As time wore on, Clark's reservations seemed to give way. Clark explained on CNN (1/21/03) that if he had been in charge, "I probably wouldn't have made the moves that got us to this point. But just assuming that we're here at this point, then I think that the president is going to have to move ahead, despite the fact that the allies have reservations." As he later elaborated (CNN, 2/5/03): "The credibility of the United States is on the line, and Saddam Hussein has these weapons and so, you know, we're going to go ahead and do this and the rest of the world's got to get with us.... The U.N. has got to come in and belly up to the bar on this. But the president of the United States has put his credibility on the line, too. And so this is the time that these nations around the world, and the United Nations, are going to have to look at this evidence and decide who they line up with."

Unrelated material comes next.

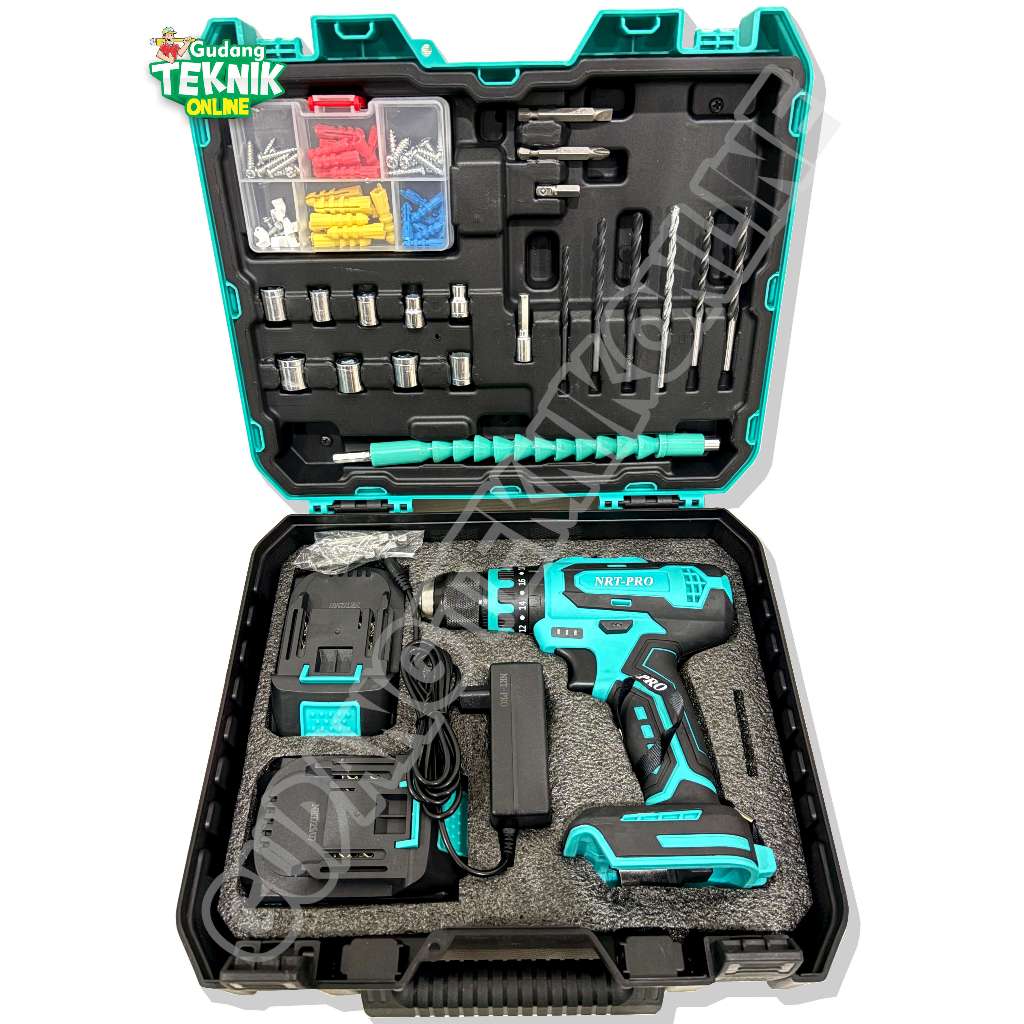 MESIN BOR TANGAN NRT PRO 340SET Cordless Drill NRT PRO DC 340 SET Bor Baterai Impact Drill 20V Bor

On the question of Iraq's supposed weapons of mass destruction, Clark seemed remarkably confident of their existence. Clark told CNN's Miles O'Brien that Saddam Hussein "does have weapons of mass destruction." When O'Brien asked, "And you could say that categorically?" Clark was resolute: "Absolutely" (1/18/03). When CNN's Zahn (4/2/03) asked if he had any doubts about finding the weapons, Clark responded: "I think they will be found. There's so much intelligence on this."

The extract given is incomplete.